Nature Vs. Nurture A Group Exhibition Curated by Bonnie Gloris

November 1st – 15th, 2010

Opening Reception: Thursday, November 4th, 6:00 – 8:00 PM

Human self-domestication has surged with the rapid development of modern society, yet we remain tethered to our wild natural history. Evolution lags behind domestication, and continues to drive us with primitive instincts. “Nature Versus Nurture” collects images that depict the tension between opposing forces, one wild and one domestic, that characterize the human psyche.

Stephen Chopek’s stylishly straightforward collage Beauty represents the idea by juxtaposing an ancient skull with contemporary, lipstick primped lips. Similarly, Chopek’s Domestic combines an antiquated, fur-laden man with a modern appliance: the dishwasher. Chopek’s use of strikingly improbable images enhances the contrast between the primitive and the domesticated that are entwined within each of us.

Tim Okamura’s painting Siobhan (Whispering) illustrates the close relationship between the wild and domestic forces of human personality by repeating the subject in two forms. Their mutual entanglement is evident as one personality whispers deviously into the ear of the other.
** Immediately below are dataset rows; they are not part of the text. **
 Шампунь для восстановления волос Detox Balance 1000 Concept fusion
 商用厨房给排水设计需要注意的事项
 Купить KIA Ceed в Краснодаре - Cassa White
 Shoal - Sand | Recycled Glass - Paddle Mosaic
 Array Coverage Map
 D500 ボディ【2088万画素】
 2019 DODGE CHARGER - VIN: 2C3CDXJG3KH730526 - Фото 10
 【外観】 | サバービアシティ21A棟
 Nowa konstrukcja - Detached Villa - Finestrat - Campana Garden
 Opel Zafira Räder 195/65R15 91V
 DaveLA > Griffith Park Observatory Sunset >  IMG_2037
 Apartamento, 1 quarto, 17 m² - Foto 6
The sly smile on the recipient’s face tells us she is getting a diabolical idea. Often our two selves, the wild and the domestic, are conceived as being two faces of one moral coin; the one good and the other evil – although it is not always clear which is which. This duality is echoed by Okamura’s backdrops of urban graffiti, which evokes the tension between modern city life and our untamed past. Okamura’s new paintings for “Nature vs. Nurture” are an extension of this theme.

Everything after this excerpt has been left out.